Friday 14 October 2011

Blowing Your Bugle, Beating Your Drum


DAILY BYTE

Yesterday I shared a personal anecdote with you about an experience I had playing the bugle and then the bass drum in a marching band.

I think that it can serve as some kind of parable for our lives. Think about it. Isn’t it true that we all have ideas and dreams about what our lives should be like? But then, through the circumstances of life, we find ourselves ‘drafted’ into things we never anticipated.

Painful & broken relationships.
Long working hours.
An unwanted pregnancy, or the struggle to fall pregnant.
Single parenthood.
Family living far away.
Illness.


And so we settle in and learn to play the tune given to us, accepting that that’s just the way it is and there’s nothing else for us to play. Like just 2 notes on the bugle. And many people assume that that’s all there is, and try to make peace with their mediocre lives, but they can’t.
Because we’ve all been made with a bigger purpose in mind than this.

Others try to take hold of their lives to make something more of it. Which of course is commendable. They find a drum and start to beat it – and maybe even a flashy leopard skin to put on. And so they start marching through life to the beat of their own drum – building their career, accumulating possessions & prestige & power, moving up in the world.

But in the end this too will only disappoint, because invariably life catches up with us. And sooner or later we’ll discover a strange paralysis creeping over us, a tiredness that makes it harder and harder just to keep up, reducing our creative efforts to nothing more than the frenetic beating of our little drums. And for what? We’ve been made with a bigger purpose in mind than this.

Hear this good news.
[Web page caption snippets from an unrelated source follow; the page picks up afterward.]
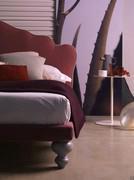 Detail of bed Belle with slim bed frame 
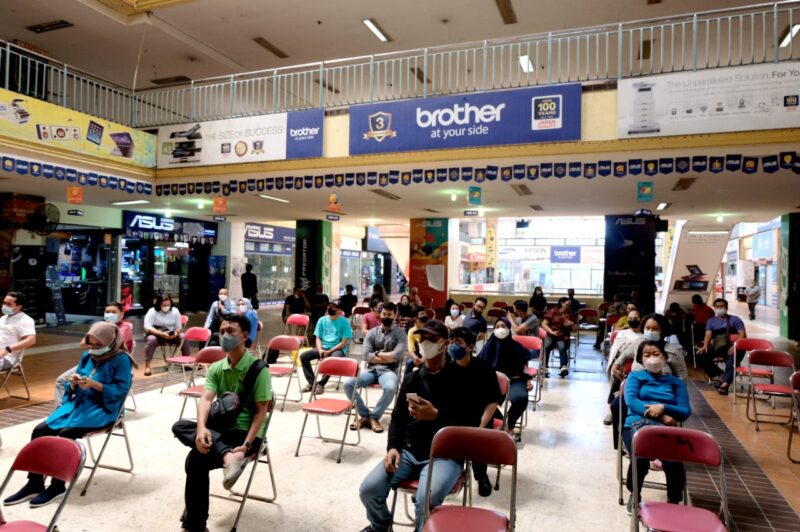 Proses pengundian stand pedagang Hitech Mall (Foto: (Diskominfo Surabaya)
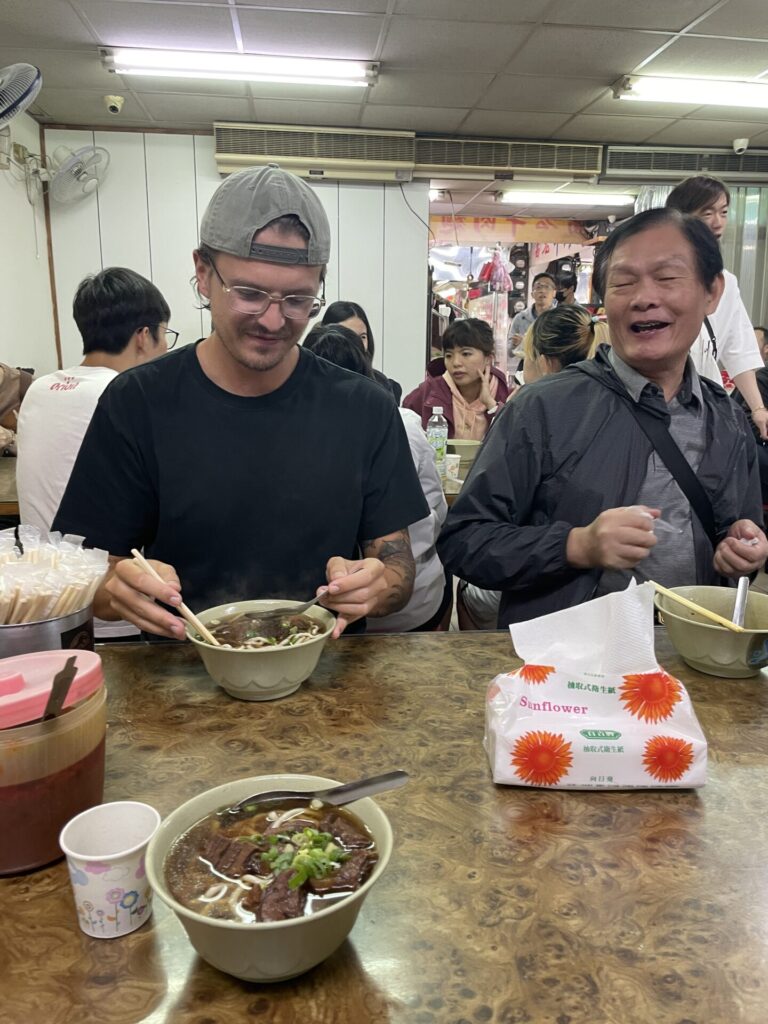 What to Eat in Taipei Taiwan: My 9 TOP Street Foods & Restaurants in Taipei (2025)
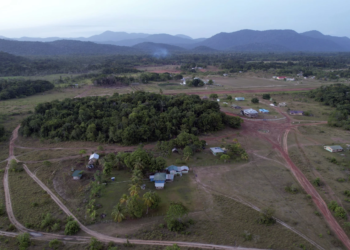 Tranquil and slow-paced life in the expansive savannas and rainforests that is home to Guyana’s native Amerindian peoples, have been disturbed recently by rumors of violence – and even war. The territory larger than Greece, known as “The Essequibo,” that stands between Guyana and Venezuela, is claimed by both countries as their own. (AP Video: Juan Arraez) (Nov 29)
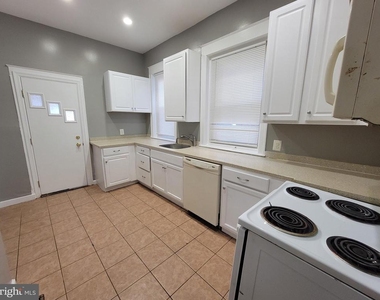 4554 N Smedley Street - Photo Thumbnail 7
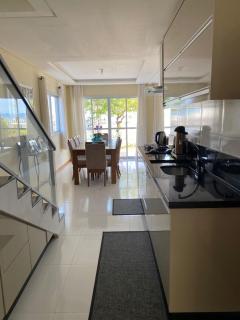 Linda casa ampla beira do mar em Gov Celso Ramos - 6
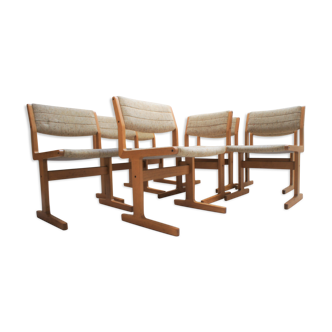 Series of 8 Scandinavian chairs in light oak by Domus Danica, Denmark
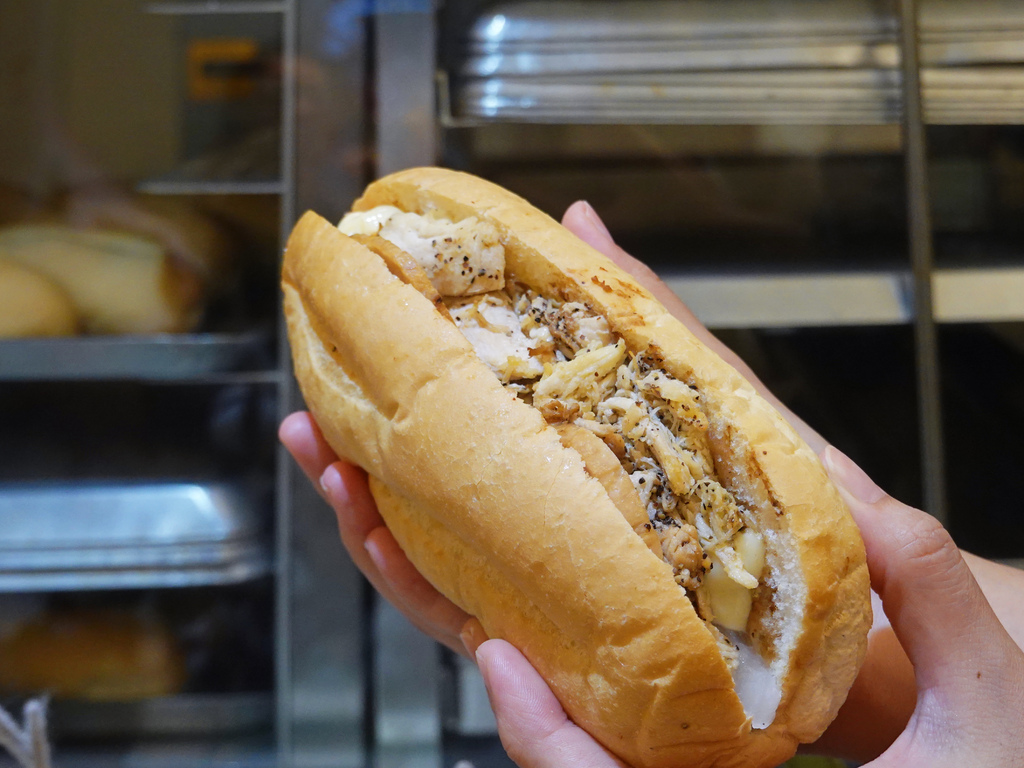 新竹東區—Cá Cá越南法國麵包專賣店｜每日限量現烤法國麵包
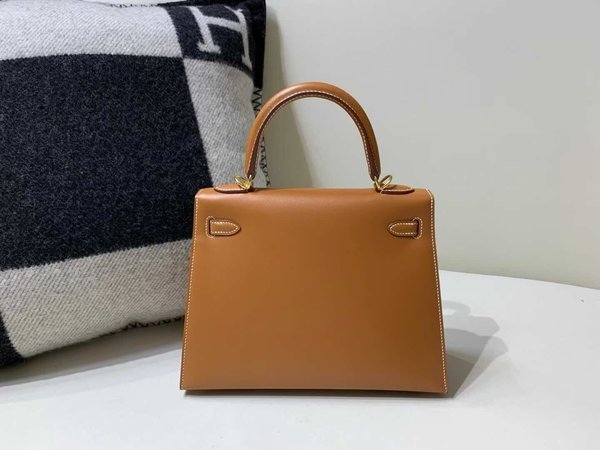 Hermès Kelly 25 Sellier Box Calf Gold x Gold Hardware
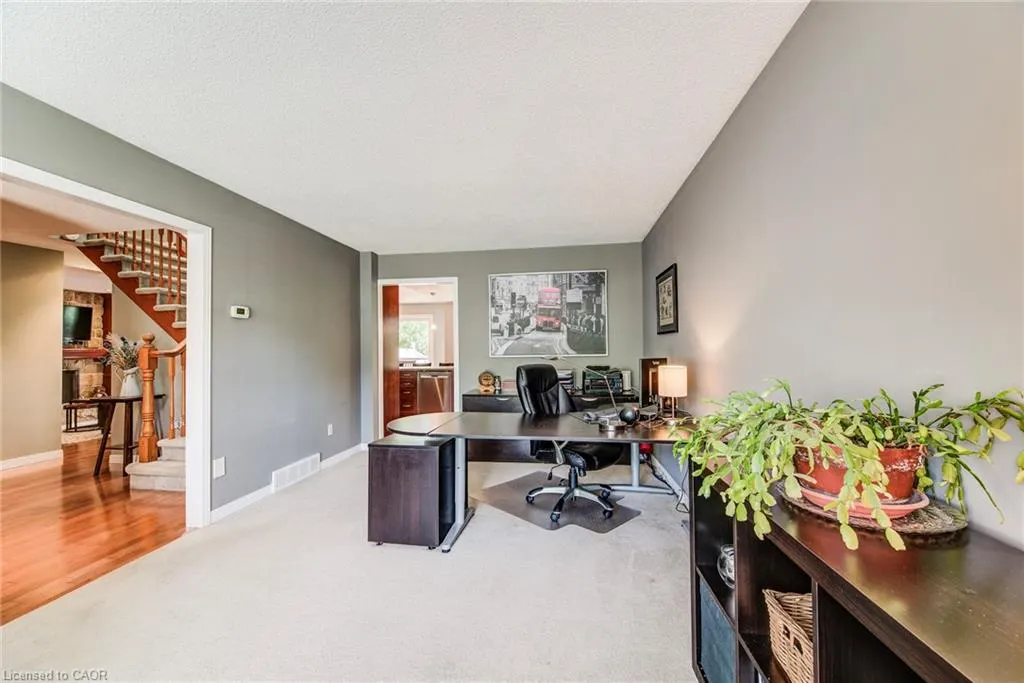 33 Tinatawa Court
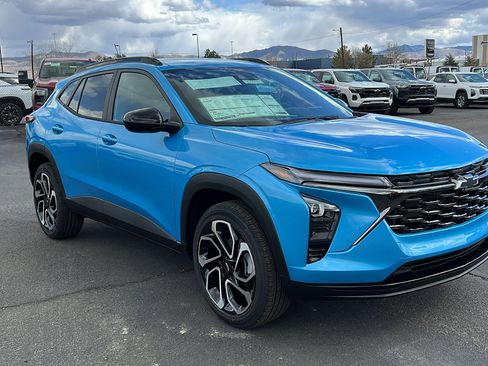 New 2025 Chevrolet Trax RS w/ Driver Confidence Package image 3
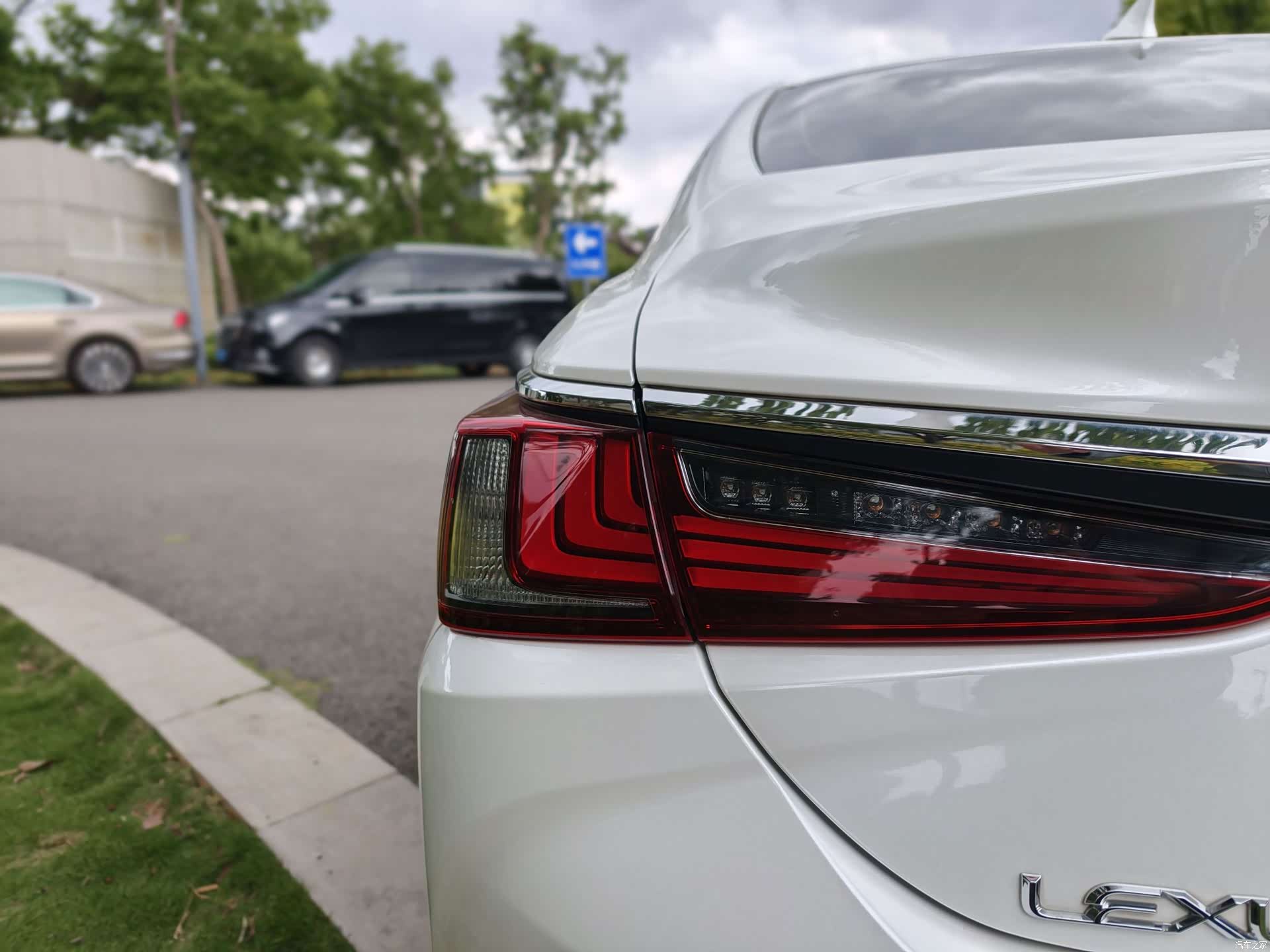 Lexus ES, 2023 37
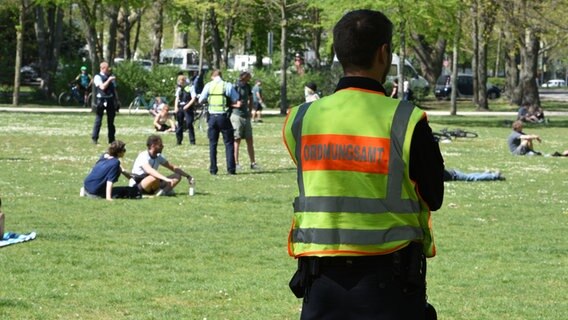 A check by the public order office in a park © picture alliance / dpa Photo: Jan Knoff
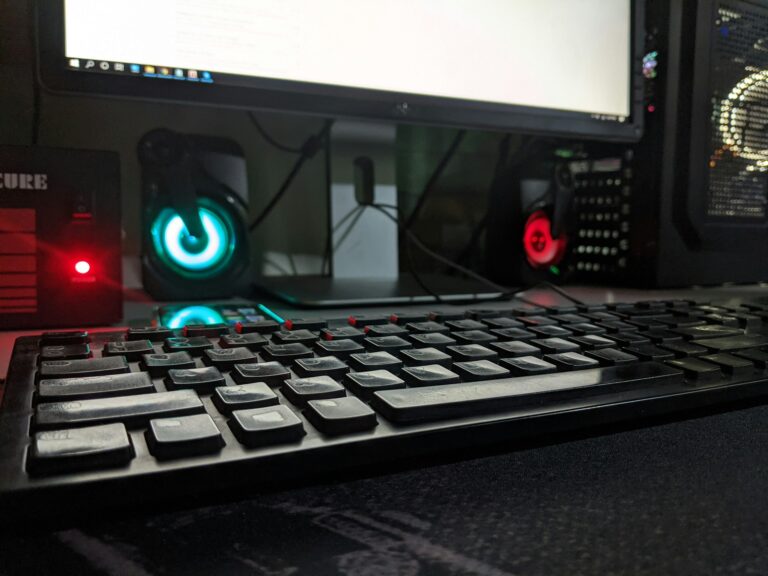 Aprender a Usar la PC y Elegir un Broker de Forex México: Herramientas Claves para el Éxito Digital y Financiero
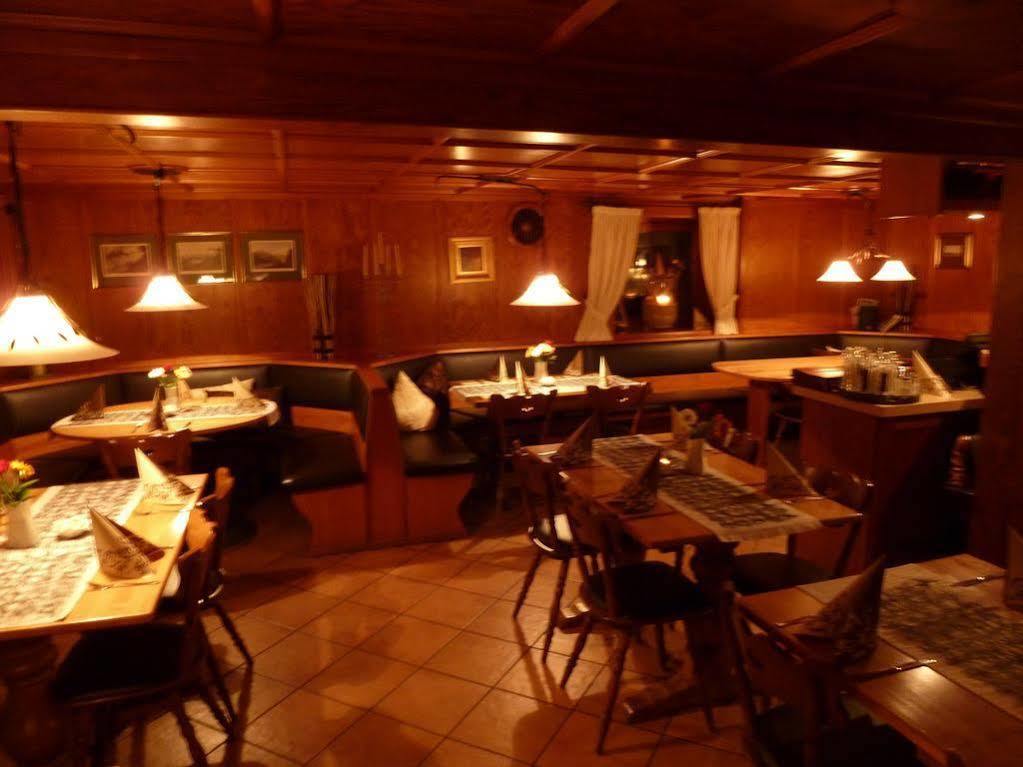 Hotel Dreikoenig & Restaurant Seegourmet ハーグナウ エクステリア 写真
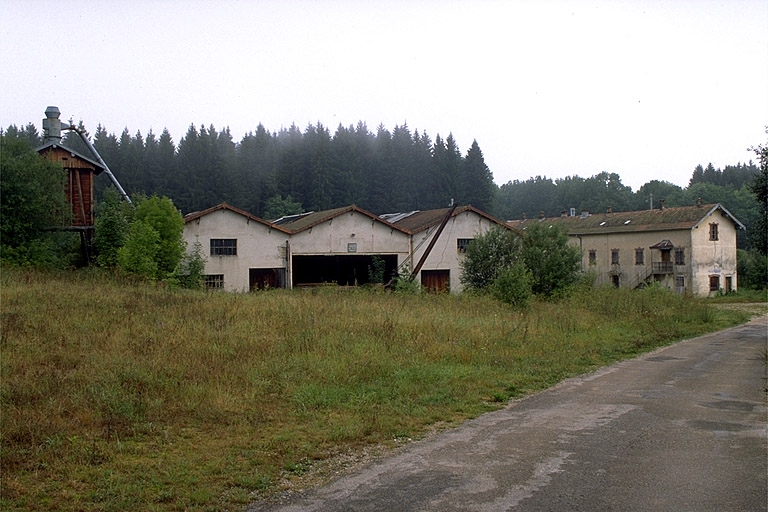 Vue d'ensemble depuis le sud-est.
That bigger purpose for which we’ve all been made lies beyond ourselves. It is our purpose for sure, but it lies beyond us.

It is bigger than our capacity to imagine.
It is greater than our power to comprehend.
It is further than our ability to reach.


Which means that if we are to take hold of our true purpose, we need to be helped. And praise God, help is at hand.

It comes in the person of Jesus. Who enters our world and makes the boldest claim. He says, “I have come so that you might have life in all of its fullness.” And then he says, “Follow me.” It’s like he’s saying, ‘Put down that silly bugle, stop the futile beating of that bass drum. Your true purpose is much, much bigger than that. Rather, come with me and listen for the trumpet-call of God’s Kingdom. Come with me and march to the beat of a different drum.”

And over the ages, as people have responded to that simple invitation to follow Jesus, so they have found purpose for their lives, and a significance greater than they could ever have imagined.

The same can be true for you. I can’t tell each one of you what your specific purpose in this life is, but I can tell you who to follow if you want to find out. If you’re serious about that, then recognise this self-evident truth.

Following Jesus means being willing to move.

That’s a consistent theme throughout the scriptures, starting with Abram. God said to him, ‘Leave your country, your people and your father’s household and go to the land I will show you.’ And Abram was willing to move, and so discovered his purpose – to be the father of a great nation and a source of blessing to all the peoples of the earth.

Jesus’ invitation to follow him requires a radical and decisive response. It requires the willingness to move, to leave behind the things that hold you back in a purposeless kind of existence. Maybe it’s possessions or prestige or power. Maybe it’s a negative attitude, or a bad habit, or some deep-seated prejudice. Maybe it’s even the job you’re in, or the career you’ve chosen, or the lifestyle you’re leading. Maybe it’s a comfort zone you’ve grown accustomed to. Jesus said, ‘If you put your hand to the plough and then look back,’ hankering back to your old life, then you will miss out on the new life of God’s kingdom.

If you’re serious about following Jesus it means being willing to move, no matter how costly that may seem. But the blessing that it will bring is beyond anything that we could possibly imagine on our own!

PRAY AS YOU GO

Lord, you call me to follow you. It’s a call to let go of my own agenda, to lay aside my own futile attempts to find meaning in my life, and to trust you in a radical way. Give me wisdom to discern your call, and courage to obey. Amen.

SCRIPTURE READINGS

Genesis 12:1-4

Now the Lord said to Abram, ‘Go from your country and your kindred and your father’s house to the land that I will show you. I will make of you a great nation, and I will bless you, and make your name great, so that you will be a blessing. I will bless those who bless you, and the one who curses you I will curse; and in you all the families of the earth shall be blessed.’

So Abram went, as the Lord had told him; and Lot went with him. Abram was seventy-five years old when he departed from Haran.

Mark 1:16-20

As Jesus passed along the Sea of Galilee, he saw Simon and his brother Andrew casting a net into the lake — for they were fishermen. And Jesus said to them, ‘Follow me and I will make you fish for people.’ And immediately they left their nets and followed him. As he went a little farther, he saw James son of Zebedee and his brother John, who were in their boat mending the nets. Immediately he called them; and they left their father Zebedee in the boat with the hired men, and followed him.